Die hessische Linksfraktion bestand von April 2008 bis Januar 2024

Rede

Fluglärmbelastung: "Wir lehnen den Flughafenausbau ab"

Hermann Schaus

Zum Antrag BÜNDNIS 90/DIE GRÜNEN betreffend wachsende Fluglärmbelastung im Rhein-Main-Gebiet

 

Zum Antrag der Fraktion BÜNDNIS 90/DIE GRÜNEN betreffend wachsende Fluglärmbelastung im Rhein-Main-Gebiet:

 

Sehr geehrte Damen und Herren,

um es gleich am Anfang zu sagen: Wir lehnen weiterhin den Bau einer neuen Landebahn am Frankfurter Flughafen ab, verschließen uns im Gegensatz zur Hessischen Landesregierung aber keinen Lösungen, die zur Verringerung der Lärmbelastung der Anrainer beitragen.

An erster Stelle steht für uns, das versprochene Nachtflugverbot umzusetzen. Die Gesundheit der Menschen muss geschützt werden und dazu braucht es eine Nachtruhe zwischen 22 und 6 Uhr.

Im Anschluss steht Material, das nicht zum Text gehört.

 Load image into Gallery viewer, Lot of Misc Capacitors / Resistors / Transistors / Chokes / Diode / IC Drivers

Für viele Menschen wirft die jetzt im Oktober in Betrieb gehende Landebahn ihrer Schatten bereits voraus. Wie Kollege Kaufmann es schon dargelegt hat, ist die Neuordnung des Luftraumes eine Folge des Flughafenausbaus. Die sogenannte Spreizung der Gegenanflugrouten konfrontiert mehr Menschen mit der Geißel Fluglärms als früher.

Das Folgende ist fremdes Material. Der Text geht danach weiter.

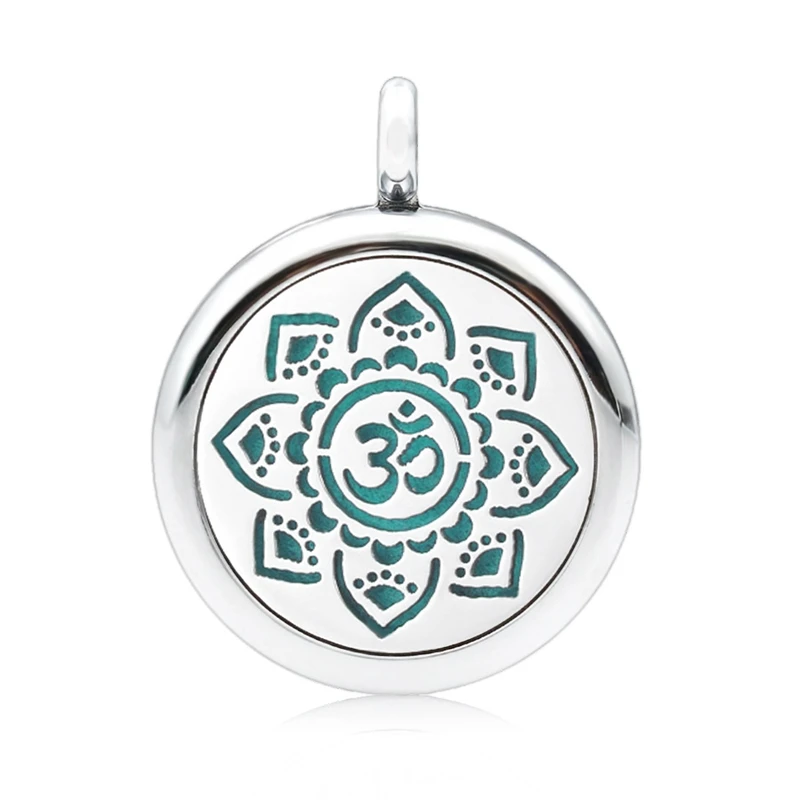 Hollow Flower Perfume Aromatherapy Essential Oil Diffuser 25mm Floating Locket Pendant For Necklace Keychains 1PCS | Украшения и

Unter dem Begriff der „Demokratisierung des Fluglärms" ist dies angestrebt. Weder den Begriff, noch das Ergebnis halten wir aber für zufriedenstellend.

Der Begriff der Demokratisierung ist positiv besetzt, verspricht er doch mehr Teilhabe an etwas, bzw. mehr Menschen Mitspracherecht bei Entscheidungsfindungen zu geben. Mehr Teilhabe an einer Umweltverschmutzung die keiner haben möchte als Demokratisierung zu bezeichnen ist aber grober Unfug.

Man muss nicht jede begriffliche Neuschöpfung mittragen, zumal wenn sie in schönfärberischer Absicht versucht positive Momente zu zeugen, welche von den Betroffenen nur als Katastrophe empfunden werden.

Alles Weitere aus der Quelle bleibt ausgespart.